→ **Problem**: Write out, from the entries below, exactly the lines that run between the lines holding "MERCURIC SULPHIDE RED" and "UPL Phoskill Insecticide", inclusive, and stop there.

(Entries taken from a collection)

/---

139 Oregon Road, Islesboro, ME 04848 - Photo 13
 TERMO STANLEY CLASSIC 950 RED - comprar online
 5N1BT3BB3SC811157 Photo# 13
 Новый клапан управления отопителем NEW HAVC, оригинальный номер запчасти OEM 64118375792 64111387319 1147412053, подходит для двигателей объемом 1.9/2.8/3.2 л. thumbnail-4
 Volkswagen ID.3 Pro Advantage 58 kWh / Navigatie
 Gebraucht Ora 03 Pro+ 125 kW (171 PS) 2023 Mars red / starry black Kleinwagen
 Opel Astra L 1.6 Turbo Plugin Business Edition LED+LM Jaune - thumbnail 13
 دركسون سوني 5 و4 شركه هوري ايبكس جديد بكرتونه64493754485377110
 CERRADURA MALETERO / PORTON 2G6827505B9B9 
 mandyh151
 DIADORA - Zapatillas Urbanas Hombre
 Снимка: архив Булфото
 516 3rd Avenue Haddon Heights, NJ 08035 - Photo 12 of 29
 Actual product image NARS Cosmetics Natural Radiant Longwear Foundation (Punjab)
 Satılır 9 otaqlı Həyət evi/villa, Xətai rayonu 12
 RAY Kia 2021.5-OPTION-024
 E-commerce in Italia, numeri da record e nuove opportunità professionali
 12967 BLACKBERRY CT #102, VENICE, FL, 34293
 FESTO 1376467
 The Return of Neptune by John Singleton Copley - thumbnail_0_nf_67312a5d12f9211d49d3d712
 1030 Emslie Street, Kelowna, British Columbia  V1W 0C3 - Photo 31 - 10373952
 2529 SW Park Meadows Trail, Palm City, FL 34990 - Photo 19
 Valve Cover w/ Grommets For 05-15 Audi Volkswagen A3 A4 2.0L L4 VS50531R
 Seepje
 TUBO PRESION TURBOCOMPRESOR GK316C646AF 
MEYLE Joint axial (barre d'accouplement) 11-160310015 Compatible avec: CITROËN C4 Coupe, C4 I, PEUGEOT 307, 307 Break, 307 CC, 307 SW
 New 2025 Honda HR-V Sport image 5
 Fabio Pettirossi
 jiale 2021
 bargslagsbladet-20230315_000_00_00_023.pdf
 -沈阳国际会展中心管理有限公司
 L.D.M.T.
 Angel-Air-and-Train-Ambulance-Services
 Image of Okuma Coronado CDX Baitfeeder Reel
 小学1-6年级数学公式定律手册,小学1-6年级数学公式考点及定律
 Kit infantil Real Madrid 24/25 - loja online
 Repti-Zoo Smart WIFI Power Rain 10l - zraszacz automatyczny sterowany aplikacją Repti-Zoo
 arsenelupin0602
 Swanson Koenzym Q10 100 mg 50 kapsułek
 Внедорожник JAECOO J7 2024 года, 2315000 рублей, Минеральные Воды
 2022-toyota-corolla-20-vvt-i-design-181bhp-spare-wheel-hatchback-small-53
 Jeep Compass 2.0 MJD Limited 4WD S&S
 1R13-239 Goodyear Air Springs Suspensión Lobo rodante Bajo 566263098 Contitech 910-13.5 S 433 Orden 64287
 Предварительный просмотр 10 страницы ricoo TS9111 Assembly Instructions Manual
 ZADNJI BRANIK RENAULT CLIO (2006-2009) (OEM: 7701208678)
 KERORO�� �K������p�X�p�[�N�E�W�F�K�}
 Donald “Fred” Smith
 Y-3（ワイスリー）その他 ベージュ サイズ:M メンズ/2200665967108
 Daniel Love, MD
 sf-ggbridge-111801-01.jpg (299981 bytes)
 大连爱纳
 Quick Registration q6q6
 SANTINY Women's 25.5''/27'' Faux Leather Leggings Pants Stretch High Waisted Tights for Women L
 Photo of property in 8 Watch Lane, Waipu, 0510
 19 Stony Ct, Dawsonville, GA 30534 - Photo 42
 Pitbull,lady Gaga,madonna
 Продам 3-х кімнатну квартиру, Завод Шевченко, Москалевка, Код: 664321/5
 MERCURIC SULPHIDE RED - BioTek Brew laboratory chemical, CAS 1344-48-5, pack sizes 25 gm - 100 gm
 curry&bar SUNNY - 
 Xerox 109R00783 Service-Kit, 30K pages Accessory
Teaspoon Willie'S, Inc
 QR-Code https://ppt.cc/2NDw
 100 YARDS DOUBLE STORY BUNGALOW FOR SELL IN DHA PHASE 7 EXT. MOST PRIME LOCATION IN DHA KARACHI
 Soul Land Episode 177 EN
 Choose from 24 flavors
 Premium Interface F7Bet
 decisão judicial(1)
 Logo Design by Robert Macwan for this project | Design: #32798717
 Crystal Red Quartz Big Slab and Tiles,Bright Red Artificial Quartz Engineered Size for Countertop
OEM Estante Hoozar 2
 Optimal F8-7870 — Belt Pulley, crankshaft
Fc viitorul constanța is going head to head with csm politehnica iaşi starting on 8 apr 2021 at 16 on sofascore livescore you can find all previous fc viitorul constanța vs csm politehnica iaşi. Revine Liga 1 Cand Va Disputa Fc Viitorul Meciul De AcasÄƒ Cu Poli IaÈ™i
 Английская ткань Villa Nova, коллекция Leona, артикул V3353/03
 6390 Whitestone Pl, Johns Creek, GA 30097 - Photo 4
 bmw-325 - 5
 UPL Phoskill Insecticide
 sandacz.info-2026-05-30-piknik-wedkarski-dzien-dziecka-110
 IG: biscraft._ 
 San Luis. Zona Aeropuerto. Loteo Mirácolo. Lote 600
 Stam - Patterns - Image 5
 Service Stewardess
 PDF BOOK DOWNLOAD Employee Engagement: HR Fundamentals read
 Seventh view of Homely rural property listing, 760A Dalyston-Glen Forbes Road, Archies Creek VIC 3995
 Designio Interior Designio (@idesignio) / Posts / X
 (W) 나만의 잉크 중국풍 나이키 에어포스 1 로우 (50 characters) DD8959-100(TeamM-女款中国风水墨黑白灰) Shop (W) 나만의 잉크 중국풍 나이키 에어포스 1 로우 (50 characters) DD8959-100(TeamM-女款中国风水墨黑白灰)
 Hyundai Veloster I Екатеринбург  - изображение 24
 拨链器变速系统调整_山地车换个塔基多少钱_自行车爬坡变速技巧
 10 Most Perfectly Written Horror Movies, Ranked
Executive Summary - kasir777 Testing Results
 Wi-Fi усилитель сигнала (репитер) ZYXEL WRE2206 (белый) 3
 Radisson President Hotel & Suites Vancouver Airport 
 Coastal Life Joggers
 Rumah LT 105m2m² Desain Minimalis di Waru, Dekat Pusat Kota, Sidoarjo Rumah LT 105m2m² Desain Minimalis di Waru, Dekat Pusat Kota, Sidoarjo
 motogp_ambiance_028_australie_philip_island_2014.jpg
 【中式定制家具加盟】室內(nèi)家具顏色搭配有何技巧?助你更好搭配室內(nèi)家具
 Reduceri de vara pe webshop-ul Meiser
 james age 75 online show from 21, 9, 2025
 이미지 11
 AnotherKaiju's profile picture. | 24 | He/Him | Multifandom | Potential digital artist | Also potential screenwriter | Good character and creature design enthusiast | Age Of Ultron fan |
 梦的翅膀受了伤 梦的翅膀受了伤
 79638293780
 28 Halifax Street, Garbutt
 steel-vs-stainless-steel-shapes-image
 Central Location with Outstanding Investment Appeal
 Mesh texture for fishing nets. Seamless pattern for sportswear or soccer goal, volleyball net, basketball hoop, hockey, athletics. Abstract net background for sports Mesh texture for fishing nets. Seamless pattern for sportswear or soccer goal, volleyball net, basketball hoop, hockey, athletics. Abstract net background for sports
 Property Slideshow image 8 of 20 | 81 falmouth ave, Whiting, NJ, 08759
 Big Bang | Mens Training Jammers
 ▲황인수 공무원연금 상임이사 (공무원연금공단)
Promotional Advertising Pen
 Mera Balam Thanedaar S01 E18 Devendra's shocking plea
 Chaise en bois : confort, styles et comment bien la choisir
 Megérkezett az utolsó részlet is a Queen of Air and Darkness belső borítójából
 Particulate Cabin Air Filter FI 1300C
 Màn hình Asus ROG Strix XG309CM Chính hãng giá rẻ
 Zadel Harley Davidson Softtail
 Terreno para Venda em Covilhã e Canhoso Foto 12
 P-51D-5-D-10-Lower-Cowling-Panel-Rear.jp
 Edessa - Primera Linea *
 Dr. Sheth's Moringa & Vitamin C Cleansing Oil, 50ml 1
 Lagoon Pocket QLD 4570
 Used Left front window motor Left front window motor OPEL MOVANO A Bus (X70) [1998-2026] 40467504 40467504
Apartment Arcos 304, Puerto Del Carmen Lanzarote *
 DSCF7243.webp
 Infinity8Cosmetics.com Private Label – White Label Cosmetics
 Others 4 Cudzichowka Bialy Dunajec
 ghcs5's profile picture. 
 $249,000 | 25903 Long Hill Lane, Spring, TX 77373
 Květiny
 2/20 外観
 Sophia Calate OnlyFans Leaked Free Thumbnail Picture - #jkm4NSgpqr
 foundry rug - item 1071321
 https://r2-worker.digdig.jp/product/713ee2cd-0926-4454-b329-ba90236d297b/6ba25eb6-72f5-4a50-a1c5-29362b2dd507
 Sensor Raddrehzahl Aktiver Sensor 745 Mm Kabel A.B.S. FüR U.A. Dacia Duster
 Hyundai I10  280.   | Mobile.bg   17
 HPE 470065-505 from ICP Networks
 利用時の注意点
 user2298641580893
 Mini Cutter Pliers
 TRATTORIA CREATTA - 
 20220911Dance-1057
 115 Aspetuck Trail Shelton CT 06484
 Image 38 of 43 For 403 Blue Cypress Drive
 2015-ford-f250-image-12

\---

→ **Result below**:
 MERCURIC SULPHIDE RED - BioTek Brew laboratory chemical, CAS 1344-48-5, pack sizes 25 gm - 100 gm
 curry&bar SUNNY - 
 Xerox 109R00783 Service-Kit, 30K pages Accessory
Teaspoon Willie'S, Inc
 QR-Code https://ppt.cc/2NDw
 100 YARDS DOUBLE STORY BUNGALOW FOR SELL IN DHA PHASE 7 EXT. MOST PRIME LOCATION IN DHA KARACHI
 Soul Land Episode 177 EN
 Choose from 24 flavors
 Premium Interface F7Bet
 decisão judicial(1)
 Logo Design by Robert Macwan for this project | Design: #32798717
 Crystal Red Quartz Big Slab and Tiles,Bright Red Artificial Quartz Engineered Size for Countertop
OEM Estante Hoozar 2
 Optimal F8-7870 — Belt Pulley, crankshaft
Fc viitorul constanța is going head to head with csm politehnica iaşi starting on 8 apr 2021 at 16 on sofascore livescore you can find all previous fc viitorul constanța vs csm politehnica iaşi. Revine Liga 1 Cand Va Disputa Fc Viitorul Meciul De AcasÄƒ Cu Poli IaÈ™i
 Английская ткань Villa Nova, коллекция Leona, артикул V3353/03
 6390 Whitestone Pl, Johns Creek, GA 30097 - Photo 4
 bmw-325 - 5
 UPL Phoskill Insecticide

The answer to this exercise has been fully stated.